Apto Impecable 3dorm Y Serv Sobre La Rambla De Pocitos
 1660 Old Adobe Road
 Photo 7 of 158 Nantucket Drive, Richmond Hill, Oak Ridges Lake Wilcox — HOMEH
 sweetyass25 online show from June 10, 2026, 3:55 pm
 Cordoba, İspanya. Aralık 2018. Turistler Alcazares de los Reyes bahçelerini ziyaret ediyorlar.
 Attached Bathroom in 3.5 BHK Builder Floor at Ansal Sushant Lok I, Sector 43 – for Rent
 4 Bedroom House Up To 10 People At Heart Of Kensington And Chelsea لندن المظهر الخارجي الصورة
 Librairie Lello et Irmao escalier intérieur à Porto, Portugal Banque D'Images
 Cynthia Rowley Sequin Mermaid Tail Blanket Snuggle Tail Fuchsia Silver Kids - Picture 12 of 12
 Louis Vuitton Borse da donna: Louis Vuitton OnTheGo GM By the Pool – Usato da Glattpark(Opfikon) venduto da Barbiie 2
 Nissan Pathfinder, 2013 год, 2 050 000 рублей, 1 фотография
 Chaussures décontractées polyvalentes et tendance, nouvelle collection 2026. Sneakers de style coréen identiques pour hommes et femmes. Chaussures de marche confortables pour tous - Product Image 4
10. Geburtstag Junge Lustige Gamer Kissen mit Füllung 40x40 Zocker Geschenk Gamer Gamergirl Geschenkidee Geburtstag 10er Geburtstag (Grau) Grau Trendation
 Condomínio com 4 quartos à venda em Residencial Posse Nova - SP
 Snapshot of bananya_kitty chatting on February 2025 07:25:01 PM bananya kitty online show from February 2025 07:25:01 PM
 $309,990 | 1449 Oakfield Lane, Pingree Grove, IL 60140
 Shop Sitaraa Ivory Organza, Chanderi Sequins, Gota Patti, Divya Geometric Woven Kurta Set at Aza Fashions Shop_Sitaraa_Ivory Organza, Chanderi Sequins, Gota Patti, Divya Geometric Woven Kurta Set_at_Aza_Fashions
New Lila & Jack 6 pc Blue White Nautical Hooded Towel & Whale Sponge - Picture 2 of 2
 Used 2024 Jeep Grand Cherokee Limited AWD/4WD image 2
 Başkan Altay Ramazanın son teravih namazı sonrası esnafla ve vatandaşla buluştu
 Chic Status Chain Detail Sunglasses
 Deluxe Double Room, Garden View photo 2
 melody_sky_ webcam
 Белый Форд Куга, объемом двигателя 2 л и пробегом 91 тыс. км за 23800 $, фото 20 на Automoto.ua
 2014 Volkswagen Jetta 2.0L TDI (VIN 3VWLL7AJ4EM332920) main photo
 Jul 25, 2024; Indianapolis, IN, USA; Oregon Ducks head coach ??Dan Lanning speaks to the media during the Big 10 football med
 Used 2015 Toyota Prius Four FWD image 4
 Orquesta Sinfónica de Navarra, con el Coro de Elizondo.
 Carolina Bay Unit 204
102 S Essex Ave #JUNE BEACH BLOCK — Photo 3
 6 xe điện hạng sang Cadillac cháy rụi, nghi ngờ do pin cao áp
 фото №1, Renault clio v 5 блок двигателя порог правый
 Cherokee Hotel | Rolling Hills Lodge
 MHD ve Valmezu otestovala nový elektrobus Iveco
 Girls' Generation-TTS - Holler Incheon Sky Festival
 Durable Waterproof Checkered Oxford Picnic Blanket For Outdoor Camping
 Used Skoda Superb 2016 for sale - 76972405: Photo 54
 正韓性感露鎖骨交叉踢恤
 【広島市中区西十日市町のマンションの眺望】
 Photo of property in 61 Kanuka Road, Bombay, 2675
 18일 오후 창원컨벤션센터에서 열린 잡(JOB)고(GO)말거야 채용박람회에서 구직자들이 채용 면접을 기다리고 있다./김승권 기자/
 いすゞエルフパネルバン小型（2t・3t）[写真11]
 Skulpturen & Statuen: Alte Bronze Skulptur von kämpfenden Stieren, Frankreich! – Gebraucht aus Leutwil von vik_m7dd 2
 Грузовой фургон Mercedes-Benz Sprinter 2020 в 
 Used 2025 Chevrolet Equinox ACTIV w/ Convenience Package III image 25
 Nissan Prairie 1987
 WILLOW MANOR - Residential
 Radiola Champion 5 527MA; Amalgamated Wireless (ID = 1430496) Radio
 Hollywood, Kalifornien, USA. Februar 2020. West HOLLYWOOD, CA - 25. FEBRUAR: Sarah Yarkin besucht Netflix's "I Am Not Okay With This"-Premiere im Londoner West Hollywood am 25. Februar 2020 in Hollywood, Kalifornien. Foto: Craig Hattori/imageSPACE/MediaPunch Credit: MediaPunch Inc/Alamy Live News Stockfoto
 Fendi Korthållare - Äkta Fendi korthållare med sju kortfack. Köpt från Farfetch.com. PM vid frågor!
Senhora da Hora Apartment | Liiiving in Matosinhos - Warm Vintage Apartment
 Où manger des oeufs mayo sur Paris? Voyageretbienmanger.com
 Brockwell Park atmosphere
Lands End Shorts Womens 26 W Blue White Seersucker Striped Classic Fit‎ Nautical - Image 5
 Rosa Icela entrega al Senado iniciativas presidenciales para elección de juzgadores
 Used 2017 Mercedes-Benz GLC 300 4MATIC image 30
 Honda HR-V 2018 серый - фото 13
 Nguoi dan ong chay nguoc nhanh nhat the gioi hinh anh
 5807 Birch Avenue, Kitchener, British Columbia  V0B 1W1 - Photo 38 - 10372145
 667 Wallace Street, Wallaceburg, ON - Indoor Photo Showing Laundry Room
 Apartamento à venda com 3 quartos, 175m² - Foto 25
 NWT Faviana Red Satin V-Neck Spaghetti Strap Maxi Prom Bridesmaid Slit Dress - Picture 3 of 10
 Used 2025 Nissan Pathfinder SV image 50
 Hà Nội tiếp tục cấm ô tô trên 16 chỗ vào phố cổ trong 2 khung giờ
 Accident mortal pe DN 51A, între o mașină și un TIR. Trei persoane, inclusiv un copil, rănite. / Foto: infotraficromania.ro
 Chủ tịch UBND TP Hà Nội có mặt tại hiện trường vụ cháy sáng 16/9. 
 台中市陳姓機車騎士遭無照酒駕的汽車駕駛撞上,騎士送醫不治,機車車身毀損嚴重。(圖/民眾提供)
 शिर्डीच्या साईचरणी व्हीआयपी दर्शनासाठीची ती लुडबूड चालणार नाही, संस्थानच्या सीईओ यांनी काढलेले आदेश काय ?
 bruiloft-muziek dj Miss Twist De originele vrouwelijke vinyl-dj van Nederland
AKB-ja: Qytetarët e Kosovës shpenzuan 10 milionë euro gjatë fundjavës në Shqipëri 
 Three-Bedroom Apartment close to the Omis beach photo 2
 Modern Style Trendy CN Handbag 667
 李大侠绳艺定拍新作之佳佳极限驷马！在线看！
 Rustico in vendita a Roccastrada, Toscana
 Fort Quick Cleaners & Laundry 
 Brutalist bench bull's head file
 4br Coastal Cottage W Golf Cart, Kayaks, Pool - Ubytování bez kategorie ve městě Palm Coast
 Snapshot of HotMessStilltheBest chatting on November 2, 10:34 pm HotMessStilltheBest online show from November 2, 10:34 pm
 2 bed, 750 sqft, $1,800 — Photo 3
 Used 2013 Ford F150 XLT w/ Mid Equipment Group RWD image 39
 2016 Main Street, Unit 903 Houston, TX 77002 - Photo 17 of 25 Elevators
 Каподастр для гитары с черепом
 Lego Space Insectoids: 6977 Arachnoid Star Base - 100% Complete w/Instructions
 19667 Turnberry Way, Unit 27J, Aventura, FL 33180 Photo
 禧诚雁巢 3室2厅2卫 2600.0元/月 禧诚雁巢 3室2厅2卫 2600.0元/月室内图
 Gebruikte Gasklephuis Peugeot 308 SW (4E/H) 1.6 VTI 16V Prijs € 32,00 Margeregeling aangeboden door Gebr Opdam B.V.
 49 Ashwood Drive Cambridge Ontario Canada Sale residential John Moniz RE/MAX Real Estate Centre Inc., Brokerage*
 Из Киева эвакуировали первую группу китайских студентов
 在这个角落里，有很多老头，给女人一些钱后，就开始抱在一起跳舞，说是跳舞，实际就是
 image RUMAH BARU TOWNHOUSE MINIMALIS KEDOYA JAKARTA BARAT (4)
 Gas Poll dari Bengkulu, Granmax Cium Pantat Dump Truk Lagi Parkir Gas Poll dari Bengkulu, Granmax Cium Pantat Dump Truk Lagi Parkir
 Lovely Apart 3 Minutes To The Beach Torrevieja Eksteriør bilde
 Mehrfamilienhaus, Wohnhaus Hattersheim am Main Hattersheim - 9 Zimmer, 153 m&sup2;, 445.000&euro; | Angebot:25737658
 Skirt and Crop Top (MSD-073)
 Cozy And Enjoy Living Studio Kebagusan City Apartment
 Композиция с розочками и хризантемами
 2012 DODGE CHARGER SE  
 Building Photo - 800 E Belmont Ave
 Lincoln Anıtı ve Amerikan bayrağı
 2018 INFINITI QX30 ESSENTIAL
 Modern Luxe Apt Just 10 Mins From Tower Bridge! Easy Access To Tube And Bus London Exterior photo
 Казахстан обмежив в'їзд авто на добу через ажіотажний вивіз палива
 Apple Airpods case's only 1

----

- **DESCRIPTION OF THE TASK**:
Would you please copy, word for word, everything above from the line containing "Lands End Shorts" down to the line containing "5807 Birch Avenue, Kitchener, British", those two lines included?

- **EXPECTED ANSWER**:
Lands End Shorts Womens 26 W Blue White Seersucker Striped Classic Fit‎ Nautical - Image 5
 Rosa Icela entrega al Senado iniciativas presidenciales para elección de juzgadores
 Used 2017 Mercedes-Benz GLC 300 4MATIC image 30
 Honda HR-V 2018 серый - фото 13
 Nguoi dan ong chay nguoc nhanh nhat the gioi hinh anh
 5807 Birch Avenue, Kitchener, British Columbia  V0B 1W1 - Photo 38 - 10372145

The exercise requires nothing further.